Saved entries
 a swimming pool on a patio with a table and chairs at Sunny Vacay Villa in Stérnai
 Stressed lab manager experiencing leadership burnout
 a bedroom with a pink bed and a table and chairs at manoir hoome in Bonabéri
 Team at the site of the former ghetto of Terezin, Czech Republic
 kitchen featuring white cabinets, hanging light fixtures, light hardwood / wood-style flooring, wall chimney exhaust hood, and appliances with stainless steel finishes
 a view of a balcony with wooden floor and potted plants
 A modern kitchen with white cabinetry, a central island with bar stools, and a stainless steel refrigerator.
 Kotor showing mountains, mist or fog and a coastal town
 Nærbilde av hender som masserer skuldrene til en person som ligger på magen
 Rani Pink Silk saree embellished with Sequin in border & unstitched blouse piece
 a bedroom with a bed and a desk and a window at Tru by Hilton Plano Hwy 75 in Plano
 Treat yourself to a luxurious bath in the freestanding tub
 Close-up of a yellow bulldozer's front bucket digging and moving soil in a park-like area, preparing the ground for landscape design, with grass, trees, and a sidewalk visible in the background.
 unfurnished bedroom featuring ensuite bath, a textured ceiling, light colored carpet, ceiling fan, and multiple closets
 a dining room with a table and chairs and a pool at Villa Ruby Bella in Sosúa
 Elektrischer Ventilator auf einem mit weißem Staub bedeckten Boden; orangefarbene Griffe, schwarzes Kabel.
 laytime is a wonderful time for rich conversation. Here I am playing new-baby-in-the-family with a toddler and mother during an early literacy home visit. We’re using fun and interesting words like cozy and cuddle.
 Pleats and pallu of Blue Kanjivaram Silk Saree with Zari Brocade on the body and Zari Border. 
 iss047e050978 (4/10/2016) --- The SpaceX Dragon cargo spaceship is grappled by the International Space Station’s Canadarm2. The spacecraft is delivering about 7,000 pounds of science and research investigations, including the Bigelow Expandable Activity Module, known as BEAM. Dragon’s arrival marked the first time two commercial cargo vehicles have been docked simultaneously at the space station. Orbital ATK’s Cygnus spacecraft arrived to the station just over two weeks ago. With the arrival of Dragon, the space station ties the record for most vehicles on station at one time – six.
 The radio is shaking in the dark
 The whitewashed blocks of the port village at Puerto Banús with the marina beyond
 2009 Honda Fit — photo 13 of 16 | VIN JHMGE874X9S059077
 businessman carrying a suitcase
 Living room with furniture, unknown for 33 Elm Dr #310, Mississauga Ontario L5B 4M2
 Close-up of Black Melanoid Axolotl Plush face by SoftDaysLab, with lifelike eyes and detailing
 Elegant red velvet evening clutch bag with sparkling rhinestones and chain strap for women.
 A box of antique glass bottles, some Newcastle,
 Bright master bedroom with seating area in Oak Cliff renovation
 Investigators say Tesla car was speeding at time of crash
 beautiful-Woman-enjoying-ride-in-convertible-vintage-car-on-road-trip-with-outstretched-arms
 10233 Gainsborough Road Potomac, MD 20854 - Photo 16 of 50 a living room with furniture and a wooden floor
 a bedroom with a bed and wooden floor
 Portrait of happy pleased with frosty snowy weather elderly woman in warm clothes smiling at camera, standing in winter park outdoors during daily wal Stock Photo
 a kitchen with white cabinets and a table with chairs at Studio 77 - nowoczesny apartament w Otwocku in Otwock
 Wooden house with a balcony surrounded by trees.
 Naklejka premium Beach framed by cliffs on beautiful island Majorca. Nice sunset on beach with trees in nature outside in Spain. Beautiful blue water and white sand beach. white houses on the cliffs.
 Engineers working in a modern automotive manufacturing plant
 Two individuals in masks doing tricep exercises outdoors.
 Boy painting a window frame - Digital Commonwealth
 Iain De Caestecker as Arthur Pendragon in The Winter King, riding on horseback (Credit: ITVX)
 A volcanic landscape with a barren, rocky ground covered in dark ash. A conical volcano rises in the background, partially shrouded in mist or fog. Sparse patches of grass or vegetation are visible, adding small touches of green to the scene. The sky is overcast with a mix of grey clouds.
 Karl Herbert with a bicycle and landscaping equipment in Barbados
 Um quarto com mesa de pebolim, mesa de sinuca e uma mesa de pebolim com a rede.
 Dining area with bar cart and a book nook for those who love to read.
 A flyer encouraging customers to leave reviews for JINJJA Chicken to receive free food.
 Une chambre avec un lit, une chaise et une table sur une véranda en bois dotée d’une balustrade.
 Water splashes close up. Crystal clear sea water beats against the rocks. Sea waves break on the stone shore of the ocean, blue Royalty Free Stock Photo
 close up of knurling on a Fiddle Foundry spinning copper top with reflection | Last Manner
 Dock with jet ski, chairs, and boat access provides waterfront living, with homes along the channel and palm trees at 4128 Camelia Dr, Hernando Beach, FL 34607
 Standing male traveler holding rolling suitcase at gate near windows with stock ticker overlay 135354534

**Exercise brief**
Set down, exactly as they stand above, the lines starting with the line with "Elektrischer Ventilator auf" and going on through the line with "Close-up of Black", and no others.

**Task answer**
 Elektrischer Ventilator auf einem mit weißem Staub bedeckten Boden; orangefarbene Griffe, schwarzes Kabel.
 laytime is a wonderful time for rich conversation. Here I am playing new-baby-in-the-family with a toddler and mother during an early literacy home visit. We’re using fun and interesting words like cozy and cuddle.
 Pleats and pallu of Blue Kanjivaram Silk Saree with Zari Brocade on the body and Zari Border. 
 iss047e050978 (4/10/2016) --- The SpaceX Dragon cargo spaceship is grappled by the International Space Station’s Canadarm2. The spacecraft is delivering about 7,000 pounds of science and research investigations, including the Bigelow Expandable Activity Module, known as BEAM. Dragon’s arrival marked the first time two commercial cargo vehicles have been docked simultaneously at the space station. Orbital ATK’s Cygnus spacecraft arrived to the station just over two weeks ago. With the arrival of Dragon, the space station ties the record for most vehicles on station at one time – six.
 The radio is shaking in the dark
 The whitewashed blocks of the port village at Puerto Banús with the marina beyond
 2009 Honda Fit — photo 13 of 16 | VIN JHMGE874X9S059077
 businessman carrying a suitcase
 Living room with furniture, unknown for 33 Elm Dr #310, Mississauga Ontario L5B 4M2
 Close-up of Black Melanoid Axolotl Plush face by SoftDaysLab, with lifelike eyes and detailing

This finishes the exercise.